The debate over the privatization of Social Security is confusing all of us.
Politicians and even many economists in favor of privatization are promising a rosy future with a U.S. gross domestic product so large that taking care of our elderly will be a breeze. To get to this nirvana, we only need to divert retirement funds from bonds that have historically paid low returns to stocks that have paid much higher returns.
Sorry, this is flimflam. Privatization will have virtually no effect on the future U.S. GDP. But there is a very important political reason why we should privatize, sooner rather than later.
Logically, the argument in favor of privatization must rest on one of three ideas:
Better investments: Privatization will improve the choice of investments, making the economy grow more rapidly, and creating a bigger "pie" in the future from which retirees can have their slice.
More savings: Privatization will make the "pie" bigger, not because of better investment choices but because we will save more.
Less acrimony: Privatization will transfer the responsibility for retirement from the federal government to private individuals, thus eliminating the agonizing discussion over just how big a piece of the national pie retirees deserve.
So which is it? Better investment, more savings or less acrimony?
Surprise, it isn't better investments or more savings. The real value of privatization is that it will take the determination of benefits out of the political arena, and halt the intergenerational political conflict that is already here and sure to get worse.

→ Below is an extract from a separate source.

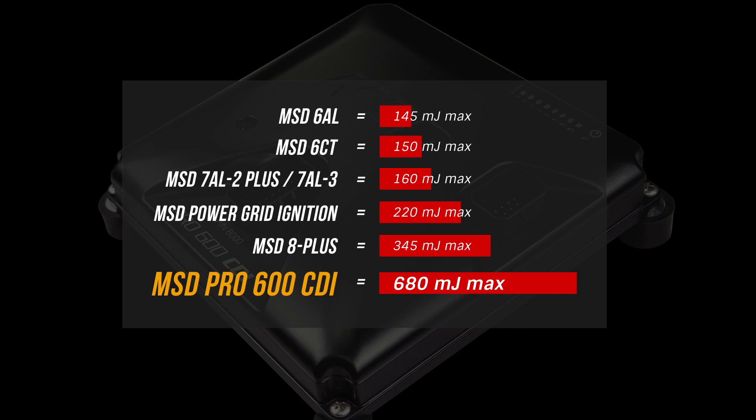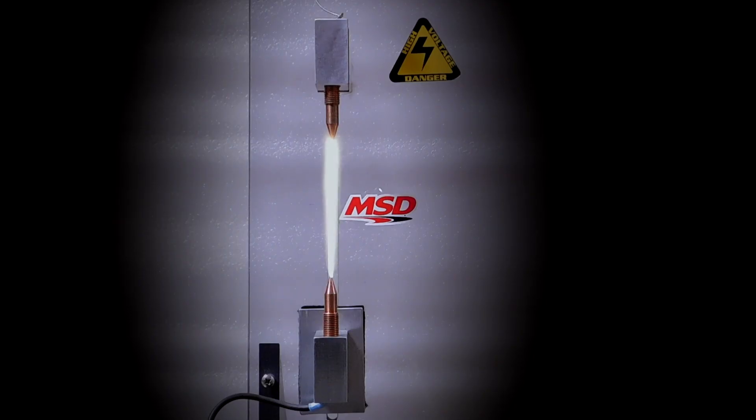Getting its name from the massive 600 millijoules of stored energy, the Pro 600 is capable of continuous duty operation without risk of failure. Using high efficiency alternating current for power delivery means the Pro 600 pulls less amperage from the battery and the charging system while allowing the ignition and coils to run cool.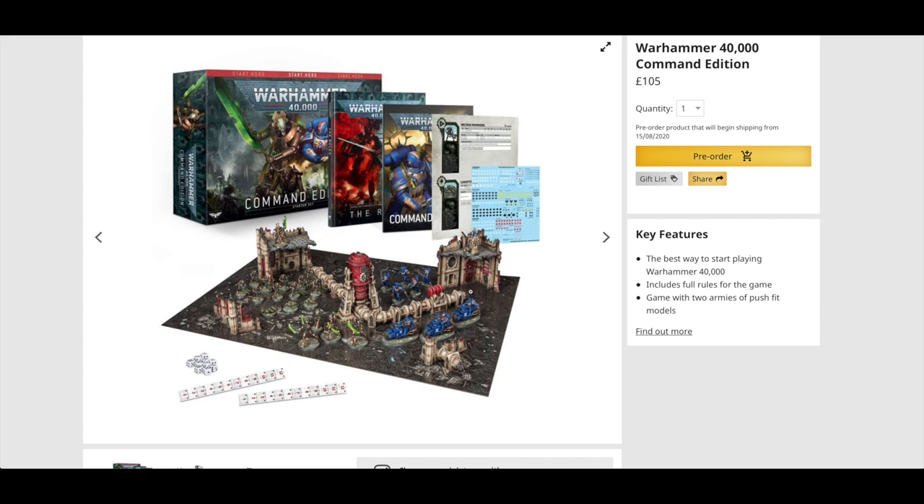It depends on how much you value that scenery in the box. But technically it gives you everything you need to start games of 40k in 9th edition. If you've got a mate that's interested, this is a really good set — all new miniatures, new scenery, new gaming boards. The Tachyon Arrow that the Overlord has is 120 inches range, so if you're playing on this gaming board it'll always hit anywhere. But you might want a tape measure. This is perfectly serviceable as a starter set at £105.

Most commentators suggest that privatization will work because it will allow us to make better investments. The discussion usually begins with a comparison of rates of return on stocks (10 percent) versus bonds (2 percent). It is argued that if we allow retirement savings to be invested in the stock market, then we can expect a huge increase in the return on our savings. This is faulty thinking. We have a very sophisticated financial system that does a superb job picking the best allocation for new money. The choice of projects does not depend very much on whether firms finance new investments with debt or equity.
Therefore, with privatization, the economy will make the same investments and have the same amount of corporate earnings to split between bond holders and equity investors.
Although it is highly unlikely that privatization will have much effect on the rate of return to U.S. savings, it is possible that total U.S. savings will increase. This would be a good thing. After all, net private savings are now nearly zero. If we don't save, we don't grow, and our future is starting to look pretty bleak, especially when the baby boomers are all retired and demanding benefits.
There is, however, a real and important benefit from privatization. It would take a very difficult income-distribution question out of the hands of the government. We let the private market largely decide the distribution of income among members of the same generation. However, we choose politics not economics to decide how much you and I contribute to the welfare of our aged parents. This creates intergenerational conflict that seems relatively quiet now only because the politics of aging are better understood by the old than by the young there is an AARP (formerly the American Association of Retired Persons) but no AAWP, "W" standing for working.
When the baby boomers retire, their numbers will overwhelm, and the focus on the elderly is sure to increase. ... Don't be misled by the promise of high returns in the stock market. Privatization surely will not mean better investments for the U.S. overall. The core issue is a familiar one: personal versus public responsibility. Privatization will take retirement planning out of the public arena and put the burden on those with the greatest personal stake: future retirees and their families.